Иногда нам встречались тела заарнов, лежащие и полностью покрытые покровом серых нитей. Иногда — мечущиеся во тьме, бросающиеся на все вокруг или рвущие сами себя на части из-за пораженных внутренних органов или ментального приказа Лорда. Лорд Ирвин отсекал зараженные участки и приказывал зараженным умереть. Его слепил светлый источник; чистая энергия чужого мира должна была приносить мучения, я чувствовал боль, чувствовал полный раздрай и непонимание, откуда мы взяли шихиш. Колония сходила с ума, Лорд Ирвин вредил себе больше, чем мы, и все неуклонно погружалось в хаос.
Шеннейр пробивал нам путь, но с крупными тварями не связывался. Не потому что не хотел, а потому что понимал, что увлечется и перестанет меня прикрывать. Хотя сам Шеннейр наверняка считал это огромным одолжением для обузы, мешающей развлекаться. Поэтому нам приходилось останавливаться и ждать, пока опасность минует или загнется самостоятельно. После остановок Шеннейр шел медленнее, чем обычно.
Он растирал переносицу и морщился; я часто видел этот жест раньше, но никогда не задумывался, что он означает. Знание, что темный магистр страдает, меня бы порадовало.
Я щелкнул пальцами, формируя светлую печать и позволяя печати сомкнуться вокруг его головы. Печати общего исцеления получались у меня почти идеально, потому что я чаще всего использовал их на окружающих, подтверждая образ милосердного и заботящегося о других человека. В одиночку мне отсюда не выйти.
Лицо темного разгладилось; некоторое время он стоял молча, а потом нейтральным тоном спросил:
— Рейни, вам жить наскучило?
Печать погасла, разбитая чужой волей. Я запоздало осознал, что применять светлые заклинания на темном боевом маге — в высшей степени вызывающее действие, но не выдал собственное замешательство:
— Старая травма?
Соприкосновение с Лордом должно было ухудшить его состояние — мое тоже, но я сомневался, что мой разум что-то способно ухудшить. Шеннейр недоуменно приподнял брови, а потом усмехнулся:
— У кого-то слишком длинный язык.
— Я эмпат, — надеюсь, это прозвучало достаточно оскорбленно. Подставлять Амариллис мне не хотелось. Не потому, что я ощущал к ней симпатию, а потому, что это было против договора. — И ваше состояние мне мешает. Вы меня сильно обяжете, если не станете меня отвлекать. Ваша стойкость, может, и велика, Шеннейр, но моя — нет.
Мешало бы, если бы я хоть немного ему сочувствовал. Сейчас, когда темная аура притихла, я ощущал состояние Шеннейра яснее, но любая боль была желанной ценой, если страдания испытывал он.
Кажется, мои слова Шеннейра убедили. Или он воспринял только последнюю часть. Темным нравится лесть и чужое принижение.
— Вы все равно не умеете создавать нормальные печати, Кэрэа, — с умилением сказал он. — Магия — не самая сильная ваша черта.
— Я придумаю, как это обойти, — я постарался доступно выразить свои эмоции. Мы не приятели, чтобы позволять подобный тон.
— Только из уважения к вашим замыслам, — Шеннейр вернулся к холодному деловому общению. — Я скажу один раз, чтобы вы не выдумывали лишнего. Это не смертельно, это излечимо, это не доставляет мне особых неудобств. Чтобы убрать все побочные эффекты ритуалов, требуется операция с долгим восстановительным периодом. Пока мне этим заниматься некогда.

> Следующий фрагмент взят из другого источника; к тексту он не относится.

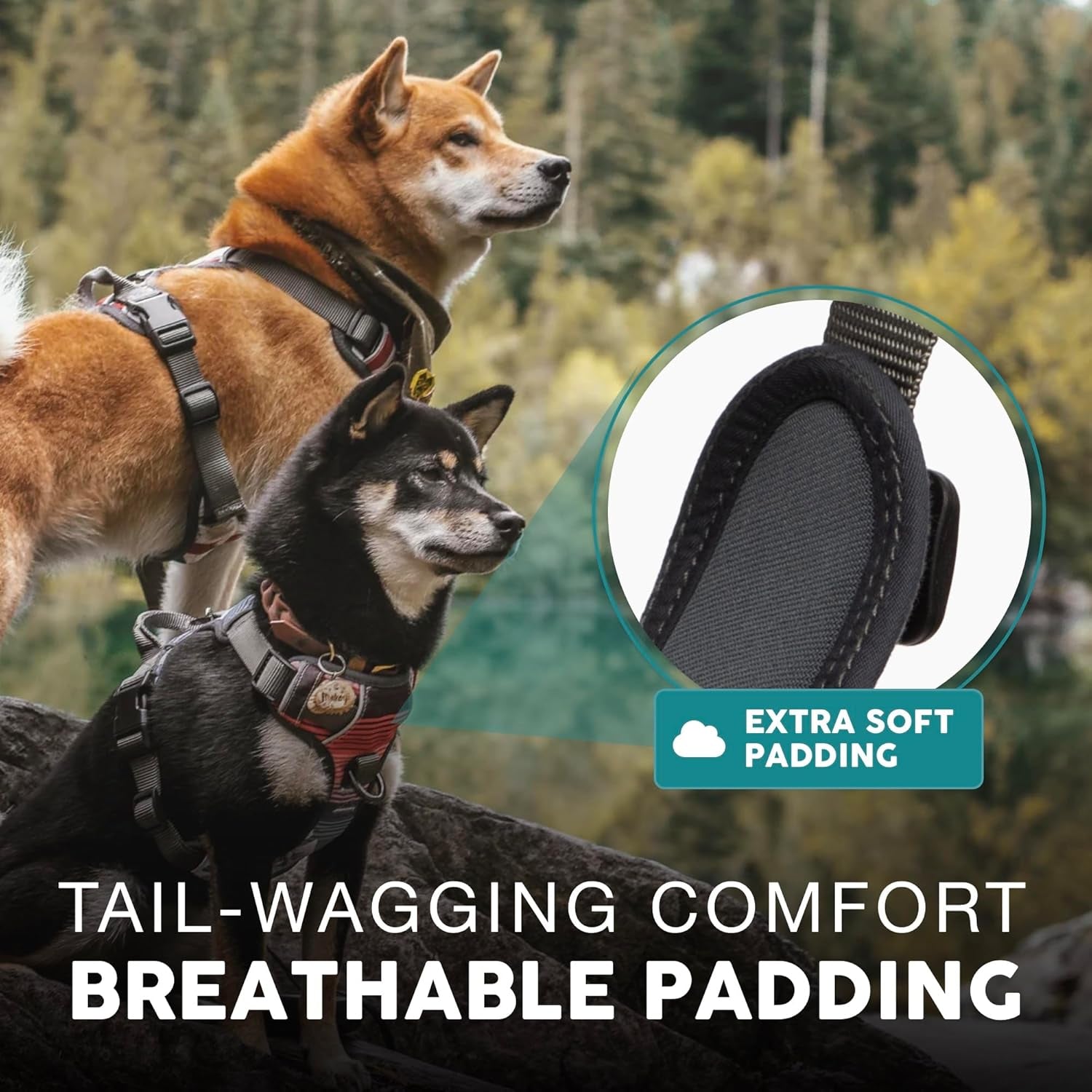 Embark Adventure Dog Harness, Reflective Trim No Pull Dog Harnesses for Small Sized Dogs - Military Grade Nylon, Front Clip with Gel Lined Handle..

Сколь много расплывчатых формулировок. Если я правильно читал между строк, то Шеннейра уже допекли подчиненные, пытающиеся его похоронить. Их испуг был понятен: темная гильдия развалится без Шеннейра.

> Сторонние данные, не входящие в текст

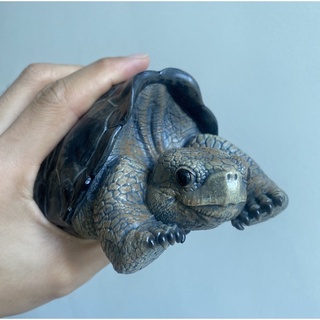 โมเดลเต่า Galápagos Tortoise Model 15cm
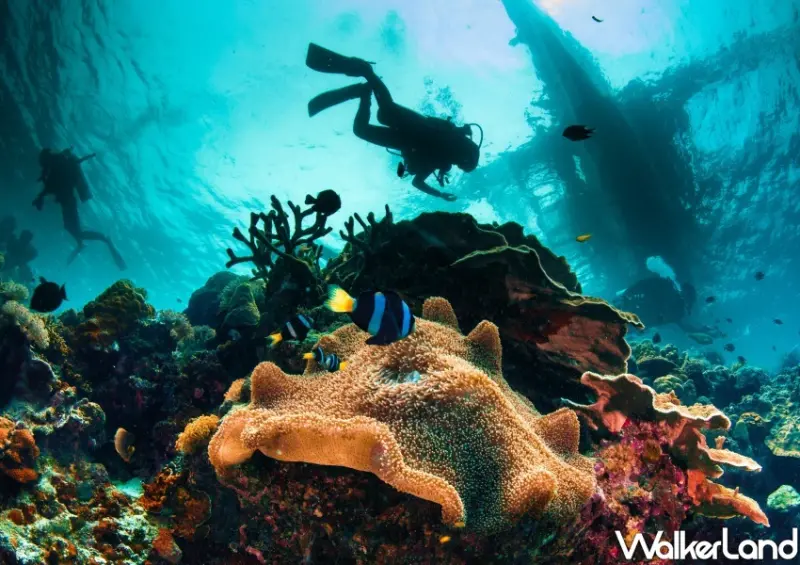 華航父親節特價機票/ WalkerLand窩客島整理提供 未經同意不可轉載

Магистр должен стремиться к тому, чтобы гильдия прожила без него.
— А магистры имеют право болеть?
— Много гильдия видела болеющих магистров? Не можешь исполнять свои обязанности — уступи место.

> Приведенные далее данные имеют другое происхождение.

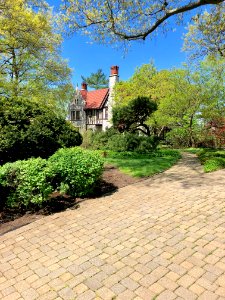 Betula Avenue, North Avondale, Cincinnati, OH 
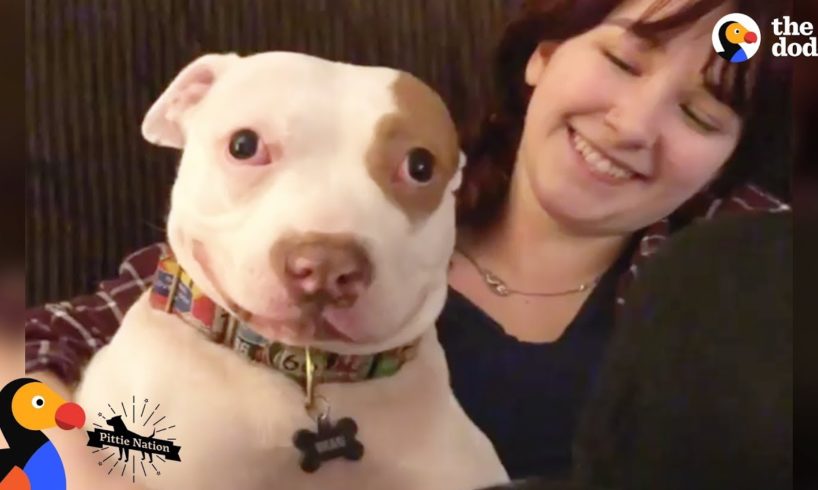 Pit Bull Dog Makes His Family Whole Again - BEAU | The Dodo Pittie Nation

В следующем внутреннем покое не росла костная ткань, и потому не оказалось такого разгрома. Только тьма вместо потолка и ряд выемок в полу, почти квадратных и глубиной в два человеческих роста. Некоторые ямы были пусты, другие заполнены синей жижей: вероятно, сюда погружали заарнов, готовых отправиться на встречу с истинной формой их Лорда. Неготовые тоже отправлялись, но страдали дольше.